Thursday, November 13, 2008

In the stillness

Sometimes when things in life have you down and you are really struggling, it's a good time to really stop as much as you can and be still. being still helps to center you, helps you to find time to really think about things and even pray.

i've spent a good deal of my last couple of months being still. Kneeling in the quiet of my house, head down, palms up - just thinking, praying and trying to come out of the depth of that UGH place i was in.

One thing i realized...no, more than one but one thing that stood out to me is that i'm pretty sure that i like myself. i'm not perfect and i have some rough edges that need to be worn away (one tends to get those when you live alone) but the real inside me - she's really an ok gal.

And ya know - when things are tough, when life is throwing more curve balls than you can catch - liking yourself is a really good thing...in my opinion. Now this is not a puffed up I'm better than you kinda like, it' s just realizing who i am - who the girl is who chooses to kneel, naked, quiet, still. And that girl is a genuine one - she is not going to play games but neither is she going tso be played with (well...she IS but you know what i mean! LOL). she is kind(mostly), she is compassionate, she has a fire inside of her that's yet to be released. she has wishes and dreams that are not yet met but has hope that maybe some of them will be someday. she has so much love to give and when someone comes along who will allow her to love Him, she will do so with abandon. she is learning to hold those she loves loosely in the palm of her hand, not gripping the life out of them. she is learning to let go when they want to leave. she is girly -sometimes a very little girl on the inside and sometimes longs for a "Daddy" to care for her, she is also a fierce soul who needs a heavy hand with a gentle heart. she is definitely submissive. she is a woman. she loves to dress and act like a woman and loves it when Men act like Men.

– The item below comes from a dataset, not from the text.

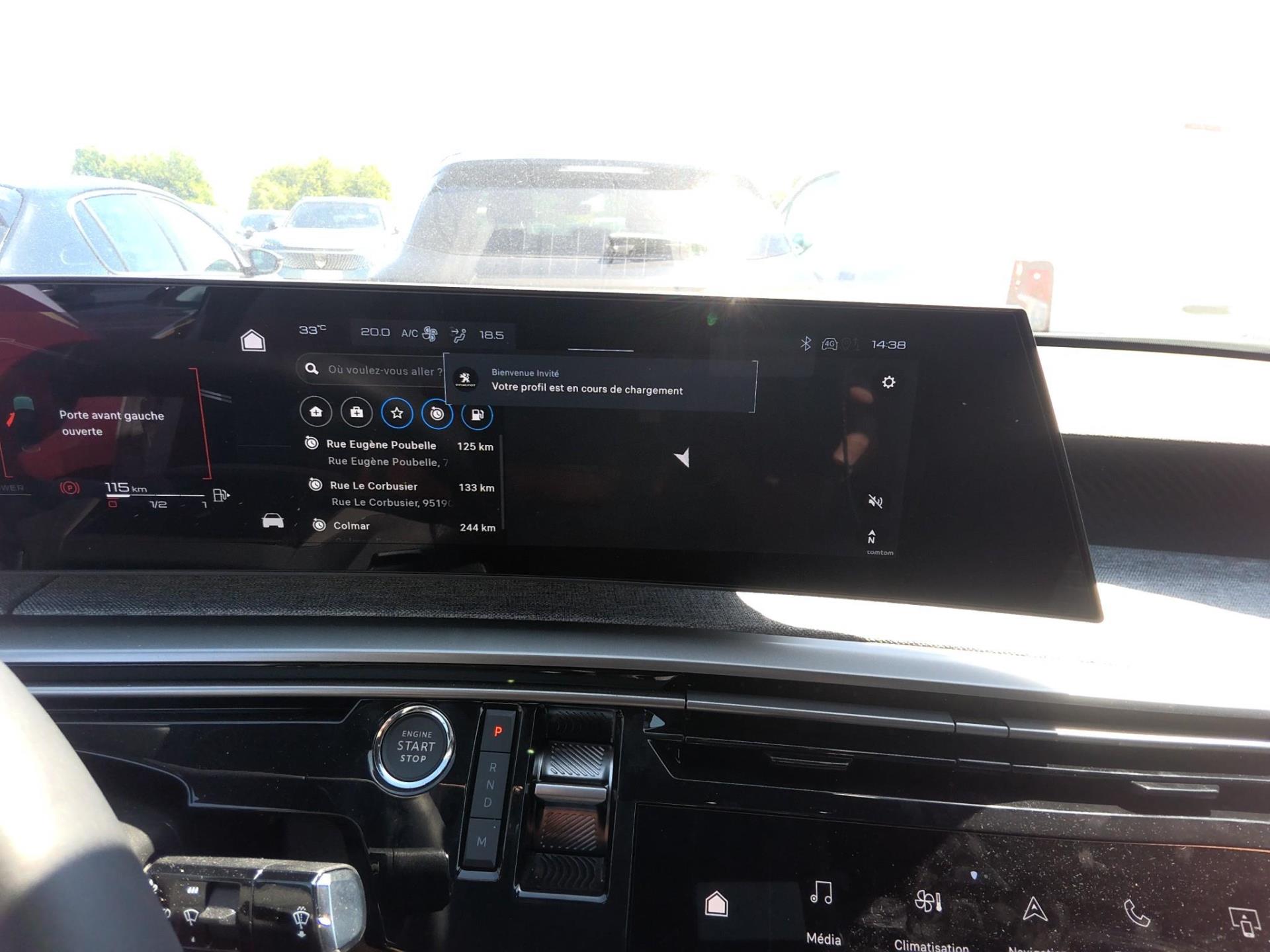 Peugeot 3008 Hybrid 145 e-DCS6 Allure 2025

And when things are really bleak, she is learning to lean heavily on God- giving Him the reins in her life, giving Him the glory when things go right and being very thankful that even though she is alone so much of the time, God is always near.

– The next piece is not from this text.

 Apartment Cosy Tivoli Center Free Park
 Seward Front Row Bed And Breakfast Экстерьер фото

Life is a funny thing. If you would've asked me when i was 18 if i'd be a single, childless woman close to 40 and not exactly doing what i think i was created to do, i would've laughed at you and told you no way. but as i mature, i am seeing that i still have those wide-eyed dreams-they've just changed a bit now. -

4 Comments:

Anonymous no address mAN said...

Hi,
You interest me. I feel you'd be a fine servant.

15 November, 2008 05:14  
OpenID catme said...

just saying hi

cathy

19 November, 2008 00:16  
Anonymous M:e said...

Hi sweety

You have no idea how much I can identify with much of this. I too have needed, and have been encouraged, to be a little more quiet and still, and to take a stock take of what I want as I move forward in my life.

Life often has a way from turning out very differently from the way we thought it would. The trick is to find the gift in what we've been given.

There's a lovely quote by Mother Teresa in which she's reported to have said:

"I do believe God never gives us more than we can bear.....I just wish he didn't trust me so much". Can't tell you how many times in my life I could have echoed that.

Sending you lots of love and a big cuddle.

xxx

19 November, 2008 10:39  
Anonymous Egghead said...

No Address Man,

I think it may take a bit more of an effort than that.